328 F.2d 181: June L. Wolff, Individually and on Behalf of Her Minor Children, Mary Elizabeth Wolff and George Edward Wolff, Jr., Appellant, v. Theodore Britton, Deputy Commissioner, U. S. Department of Labor, Bureau of Employees' Compensation, et al., Appellees
United States Court of Appeals District of Columbia Circuit. - 328 F.2d 181
Argued November 7, 1963 Decided January 16, 1964
Mr. Martin S. Becker, Washington, D. C., for appellant.
Mr. George M. Lilly, Atty., Dept. of Labor, of the bar of the Supreme Court of North Carolina, pro hac vice, by special leave of court, with whom Messrs. David C. Acheson, U. S. Atty., Charles Donahue, Sol. of Labor, Charles T. Duncan, Principal Asst. U. S. Atty., Frank Q. Nebeker, Asst. U. S. Atty., Alfred H. Myers and Robert J. Skahan, Attys., Dept. of Labor, were on the brief, for appellee Britton. Mr. William H. Willcox, Asst. U. S. Atty., also entered an appearance for appellee Britton.

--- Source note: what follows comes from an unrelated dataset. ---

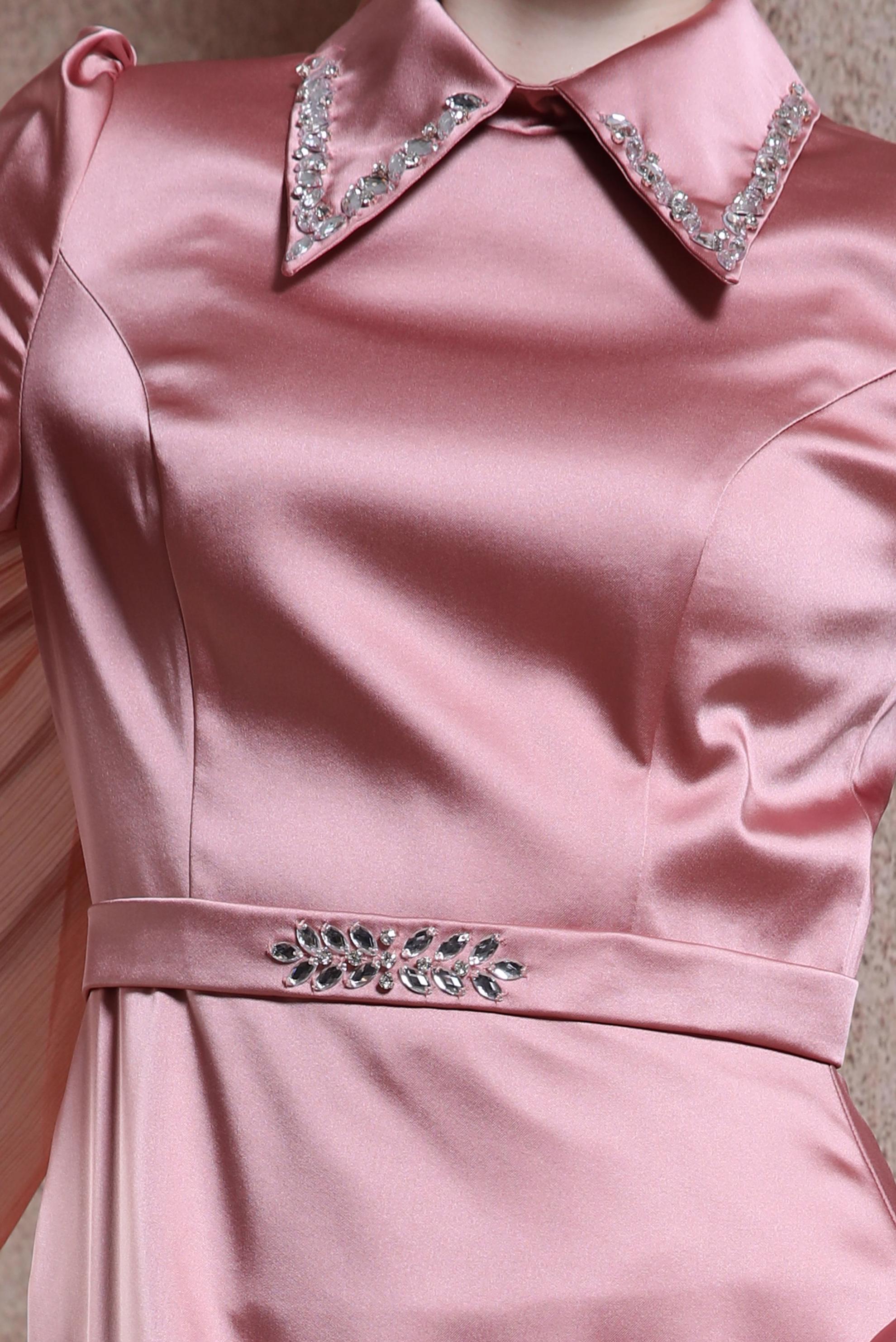 Tesettür giyim PUDRA TAŞ İŞLEMELİ SATEN ELBİSE 43940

Mr. James E. Murray, Washington, D. C., with whom Mr. Arthur J. Phelan, Washington, D. C., was on the brief, for appellee, Liberty Mut. Ins. Co.
Before PRETTYMAN, Senior Circuit Judge, and DANAHER and BASTIAN, Circuit Judges.
DANAHER, Circuit Judge.
Following the death of George E. Wolff, Sr., his widow, the appellant, for herself and her minor children, filed a compensation claim pursuant to the provisions of the Longshoremen's and Harbor Workers' Compensation Act.1 The Deputy Commissioner found that the death "did not arise out of and in the course of" his employment. In review proceedings all parties moved for summary judgment in reliance upon the certified administrative record. The District Court entered summary judgment in favor of the appellees, the Deputy Commissioner and the intervening insurance carrier. On this appeal as in the District Court, the appellant did not contest the findings of the Deputy Commissioner, so the only issue before us is whether or not as a matter of law, the appellant was entitled to prevail.
At about 1 P.M. on August 21, 1962, the appellant's decedent was hired and began work as a mechanic in a small garage which serviced automobile brake systems. Some four hours later he was injured under circumstances found by the Deputy Commissioner as follows:
"3. That just prior to 5:00 p. m., the quitting time, on the afternoon of the said day the employee and several of his fellow workers gathered in or near the open door of the employer's shop near the employer's desk and were discussing their work; that the employee, while standing with and talking to his fellow workers, as found above, and while holding a bottle of soda pop in one hand, was heard to make an eerie cry described by those who heard it as a frightened laugh or scream, following which he partially knelt by flexing his knees while clutching at his stomach with his hands as if he were in pain, and then he suddenly leaped upward and backwards, partially turned about in the air and fell to the floor, striking the back of his head, following which his face, body and extremities twitched and jerked, his eyes rolled upward and backward, foam appeared on his lips, and he appeared to be trying to swallow his tongue; that thereafter the employee was taken to a hospital but was later released on the same day; that early the following day the employee lost consciousness and was taken to another hospital where he remained until his death which occurred on August 23, 1961; that the death of the employee was due to massive cerebral edema, due to contusions of the brain, due to a fracture of the skull, which fracture was sustained when the employee struck his head, as found above."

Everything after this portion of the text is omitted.